La Michna poursuit : et s'il a pris un etrog de seconde dîme à Jérusalem, il est kacher. La Guemara explique : pour celui qui dit qu'on ne s'acquitte pas [d'un etrog de orla] faute de permission de le manger — alors tout le monde, c'est-à-dire Rabbi Meïr comme les Sages, convient qu'on s'acquitte, puisqu'à Jérusalem on peut manger la seconde dîme. Mais pour celui qui dit qu'on ne s'acquitte pas faute de valeur monétaire — de qui relève cet énoncé [« il est valide »] ? Il relève de l'opinion des Sages, qui ne tiennent pas la seconde dîme pour bien du Très-Haut ; il ne relève pas de l'opinion de Rabbi Meïr [pour qui un tel etrog reste passoul].

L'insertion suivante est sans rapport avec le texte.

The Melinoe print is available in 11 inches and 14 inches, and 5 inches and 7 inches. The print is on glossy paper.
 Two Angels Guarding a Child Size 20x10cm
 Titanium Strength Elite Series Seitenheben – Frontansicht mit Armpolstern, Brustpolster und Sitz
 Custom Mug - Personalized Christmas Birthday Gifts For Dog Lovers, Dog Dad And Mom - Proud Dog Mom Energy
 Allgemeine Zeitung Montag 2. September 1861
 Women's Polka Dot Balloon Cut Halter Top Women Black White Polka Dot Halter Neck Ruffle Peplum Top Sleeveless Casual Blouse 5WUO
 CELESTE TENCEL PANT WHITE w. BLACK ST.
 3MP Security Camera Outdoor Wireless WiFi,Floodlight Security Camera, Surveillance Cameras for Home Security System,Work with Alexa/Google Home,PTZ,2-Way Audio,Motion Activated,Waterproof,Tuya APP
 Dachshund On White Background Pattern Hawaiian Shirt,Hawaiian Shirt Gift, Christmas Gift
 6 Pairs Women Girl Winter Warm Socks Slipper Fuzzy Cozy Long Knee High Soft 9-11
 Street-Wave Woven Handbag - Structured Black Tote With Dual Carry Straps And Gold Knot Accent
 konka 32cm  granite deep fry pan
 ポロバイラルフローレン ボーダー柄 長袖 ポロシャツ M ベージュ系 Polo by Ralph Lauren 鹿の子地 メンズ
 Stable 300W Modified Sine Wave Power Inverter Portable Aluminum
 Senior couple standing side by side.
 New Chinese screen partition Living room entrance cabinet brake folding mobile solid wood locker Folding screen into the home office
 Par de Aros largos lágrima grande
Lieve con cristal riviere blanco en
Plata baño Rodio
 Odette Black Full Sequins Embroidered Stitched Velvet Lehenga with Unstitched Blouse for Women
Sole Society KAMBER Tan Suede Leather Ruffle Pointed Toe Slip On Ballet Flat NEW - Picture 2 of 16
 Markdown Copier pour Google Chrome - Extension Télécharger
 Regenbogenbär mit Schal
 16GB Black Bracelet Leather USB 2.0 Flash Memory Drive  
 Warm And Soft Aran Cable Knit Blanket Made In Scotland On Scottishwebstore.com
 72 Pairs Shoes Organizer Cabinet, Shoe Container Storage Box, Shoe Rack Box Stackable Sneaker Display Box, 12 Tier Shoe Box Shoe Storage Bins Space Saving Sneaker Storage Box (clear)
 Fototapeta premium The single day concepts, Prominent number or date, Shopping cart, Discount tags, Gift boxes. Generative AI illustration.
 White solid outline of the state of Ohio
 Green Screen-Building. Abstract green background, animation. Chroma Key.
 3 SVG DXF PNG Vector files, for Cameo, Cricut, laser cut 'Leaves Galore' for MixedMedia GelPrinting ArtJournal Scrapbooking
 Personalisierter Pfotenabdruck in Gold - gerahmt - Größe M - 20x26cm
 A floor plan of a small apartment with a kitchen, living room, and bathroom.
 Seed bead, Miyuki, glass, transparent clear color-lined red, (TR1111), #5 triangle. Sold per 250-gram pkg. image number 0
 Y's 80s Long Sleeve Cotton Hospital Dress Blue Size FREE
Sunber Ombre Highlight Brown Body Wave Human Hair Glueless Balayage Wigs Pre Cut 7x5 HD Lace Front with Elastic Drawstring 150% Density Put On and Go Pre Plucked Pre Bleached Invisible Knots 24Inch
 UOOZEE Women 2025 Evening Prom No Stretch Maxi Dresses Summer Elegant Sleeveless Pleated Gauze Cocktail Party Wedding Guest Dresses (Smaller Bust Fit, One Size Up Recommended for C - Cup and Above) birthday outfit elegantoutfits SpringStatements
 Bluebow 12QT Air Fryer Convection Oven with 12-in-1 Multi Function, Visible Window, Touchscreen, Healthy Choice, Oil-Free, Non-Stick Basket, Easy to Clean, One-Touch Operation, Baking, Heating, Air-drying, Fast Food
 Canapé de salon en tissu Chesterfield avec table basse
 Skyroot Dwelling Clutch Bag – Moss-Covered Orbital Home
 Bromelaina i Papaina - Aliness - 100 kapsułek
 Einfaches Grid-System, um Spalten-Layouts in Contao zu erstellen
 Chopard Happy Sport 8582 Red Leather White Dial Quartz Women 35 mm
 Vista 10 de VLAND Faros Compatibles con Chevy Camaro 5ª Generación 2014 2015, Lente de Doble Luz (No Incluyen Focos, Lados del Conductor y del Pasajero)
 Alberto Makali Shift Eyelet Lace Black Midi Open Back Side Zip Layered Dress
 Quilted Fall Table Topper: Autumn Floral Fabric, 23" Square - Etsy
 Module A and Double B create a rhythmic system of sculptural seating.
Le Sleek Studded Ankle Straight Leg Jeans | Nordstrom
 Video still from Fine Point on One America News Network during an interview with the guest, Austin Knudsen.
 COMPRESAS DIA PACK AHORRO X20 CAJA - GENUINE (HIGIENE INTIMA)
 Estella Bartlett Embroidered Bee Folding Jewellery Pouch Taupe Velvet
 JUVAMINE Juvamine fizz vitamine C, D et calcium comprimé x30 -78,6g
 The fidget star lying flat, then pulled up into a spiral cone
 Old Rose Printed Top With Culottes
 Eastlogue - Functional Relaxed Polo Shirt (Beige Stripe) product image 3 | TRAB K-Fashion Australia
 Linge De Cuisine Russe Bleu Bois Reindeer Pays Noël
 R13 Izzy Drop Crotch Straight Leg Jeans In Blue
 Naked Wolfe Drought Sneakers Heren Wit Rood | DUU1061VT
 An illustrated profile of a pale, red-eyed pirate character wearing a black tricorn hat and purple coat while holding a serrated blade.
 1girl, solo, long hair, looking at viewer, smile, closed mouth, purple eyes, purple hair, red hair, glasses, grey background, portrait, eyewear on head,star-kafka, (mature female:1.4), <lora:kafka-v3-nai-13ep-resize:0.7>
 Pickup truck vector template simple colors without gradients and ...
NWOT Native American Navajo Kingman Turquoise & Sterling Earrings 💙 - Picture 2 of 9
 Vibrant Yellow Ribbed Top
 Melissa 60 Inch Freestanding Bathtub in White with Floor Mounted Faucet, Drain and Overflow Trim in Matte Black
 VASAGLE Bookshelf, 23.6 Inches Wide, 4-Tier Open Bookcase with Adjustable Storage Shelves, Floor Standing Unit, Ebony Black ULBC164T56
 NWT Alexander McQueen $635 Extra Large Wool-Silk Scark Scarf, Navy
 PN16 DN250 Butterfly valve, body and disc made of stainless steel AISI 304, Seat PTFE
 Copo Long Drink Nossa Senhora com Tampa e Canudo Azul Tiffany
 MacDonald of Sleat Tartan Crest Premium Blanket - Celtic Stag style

וְאִם נָטַל — כְּשֵׁרָה. לְמַאן דְּאָמַר מִפְּנֵי שֶׁאֵין בָּהּ הֶיתֵּר אֲכִילָה — דִּבְרֵי הַכֹּל. לְמַאן דְּאָמַר לְפִי שֶׁאֵין בָּהּ דִּין מָמוֹן — הָא מַנִּי רַבָּנַן הִיא.
[La Michna a enseigné :] s'il s'est formé une excroissance [hazazit, une dartre semblable à un bouton] sur la majeure partie de l'etrog, il est passoul. Rav Hisda a dit : cet enseignement, c'est notre grand maître qui l'a énoncé — que l'Omniprésent lui vienne en aide [il s'agit de Rav] : on n'a enseigné cela que lorsque les taches sont concentrées en un seul endroit ; mais si elles sont réparties en deux ou trois endroits de l'etrog, il est kacher. Rava lui objecta : au contraire ! Si elles sont réparties en deux ou trois endroits, l'etrog est comme tacheté [menoumar] de couleurs différentes ; il manque de beauté et est certainement passoul.
עָלְתָה חֲזָזִית. אָמַר רַב חִסְדָּא: דָּבָר זֶה רַבֵּינוּ הַגָּדוֹל אֲמָרוֹ, הַמָּקוֹם יִהְיֶה בְּעֶזְרוֹ: לֹא שָׁנוּ אֶלָּא בְּמָקוֹם אֶחָד, אֲבָל בִּשְׁנַיִם וּשְׁלֹשָׁה מְקוֹמוֹת — כָּשֵׁר. אֲמַר לֵיהּ רָבָא: אַדְּרַבָּה, בִּשְׁנַיִם וּשְׁלֹשָׁה מְקוֹמוֹת הָוֵה לֵיהּ כִּמְנוּמָּר, וּפָסוּל.